Buttiglione le muove anche una critica da filosofo della politica, e contesta la sua affermazione per cui non esiste democrazia senza Stato nazione.
“Aggiungevo però: “a questa altezza di tempo”. Facendo riferimento alla democrazia liberale, che è parlamentare, non identifico la società con lo Stato; penso ci siano elementi di democrazia e di vita politica e sociale fuori da un parlamento liberale e nazionale, ma resto convinto del fatto che ancora per molti anni, pur arricchendosi ed evolvendosi la società civile, il parlamento abbia una funzione democratica centrale. Credo dunque resti valida la mia forma: ci sono Stati senza democrazia, ma per ora non riesco a configurare una democrazia senza gli Stati, e non credo che Rocco volesse dire che i parlamenti sono un optional. Credo che potremmo trovare questo accordo: il parlamento è necessario ma non è sufficiente”.
Follini invece le dice “amichevolmente” che “l’Europa non è lo sfondo dei romanzi-thriller di Umberto Eco, non è la riedizione di Bisanzio, non è una sorta di Spectre”. Con il sospetto, la ammonisce il leader dell’Udc, non si arriva a nulla.
“Ho trovato molto interessante e profondo l’intervento dell’amico Marco. Solo mi dispiace il fatto che non sia stato percepito il senso ironico del preambolo dell’intervista. Se non va bene Eco, credo che Marco di ritroverebbe a suo agio nell’idea di gioco che sta in Huizinga. La mia insufficiente chiarezza nell’esplicitare il gioco l’ha portato a formulare immagini abbastanza gotiche, come il sospetto, o la Spectre”.
Follini le rimprovera anche l’assenza di un riferimento alla sussidiarietà.
“Spero di convincerlo che non è così. La pur vasta estensione fisica dell’intervista mi  ha impedito la formulazione di un completo inventario degli strumenti politici; ma posso rassicurare Marco del fatto che la sussidiarietà è parte costituzionale essenziale di qualsiasi modello unionista, e di tutto il mio pensiero e la mia azione politica”.
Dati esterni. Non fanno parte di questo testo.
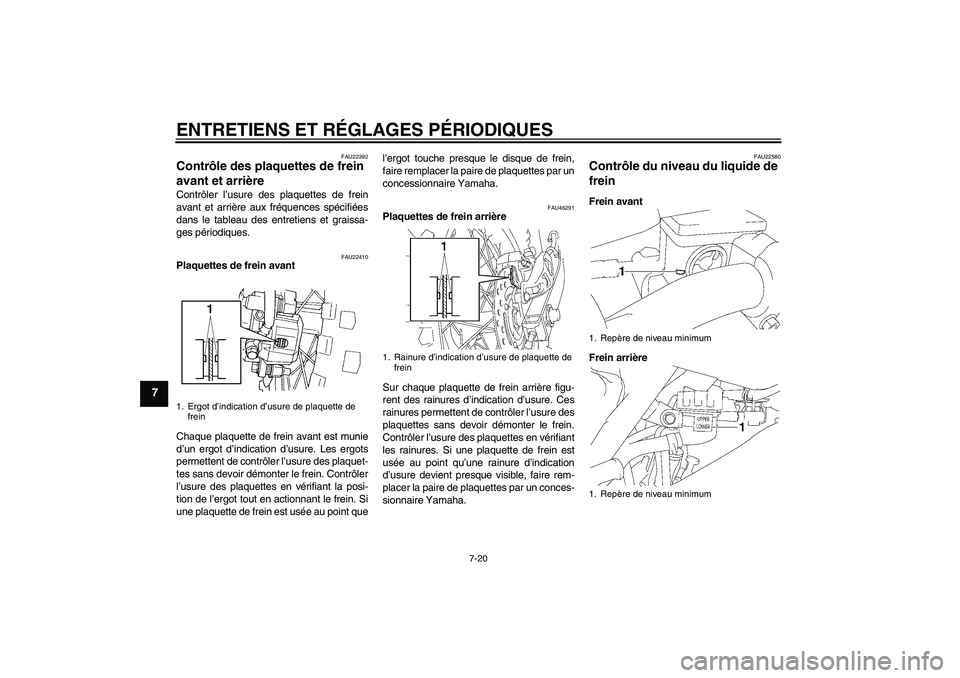 YAMAHA YZ85 2011  Notices Demploi (in French) ENTRETIENS ET RÉGLAGES PÉRIODIQUES
7-20
7
FAU22392
Contrôle des plaquettes de frein 
avant et arrière Contrôler l’usure des plaquettes de frein
avant et arrière aux fréquences spécifiées
da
Follini dissente anche sul ruolo della Convenzione, di cui fa parte. Dobbiamo scrivere una proposta definita di Costituzione, obietta; non consegnare una “bozza confusa”:
“Anche su questo punto, nessuno ha mai pensato che la Convenzione dovesse presentare una bozza confusa. Negli anno scorsi ho avuto tante occasioni per prendere parte a seminari internazionali in cui c’era anche Giscard d’Estaing, da poter escludere in radice l’ipotesi che la Convenzione da lui presieduta presenti documenti confusi, ma all’opposto cartesiani”.
La questione non è solo nella chiarezza, ma nei contenuti della bozza. Follini pare averne un’idea diversa.
“Il modello unionista postula il metodo intergovernativo, ma non esclude comportamenti federaliste e quindi il metodo comunitario. Se posso dire qualcosa a Marco, gli direi: “Non forzare ed immaginare solo il metodo comunitario. Il solo metodo comunitario alza enormemente il rischio che questioni come quelle della bioetica siano decise a Bruxelles e non a Roma. E non credo che questo sia l’obiettivo del mondo cattolico”.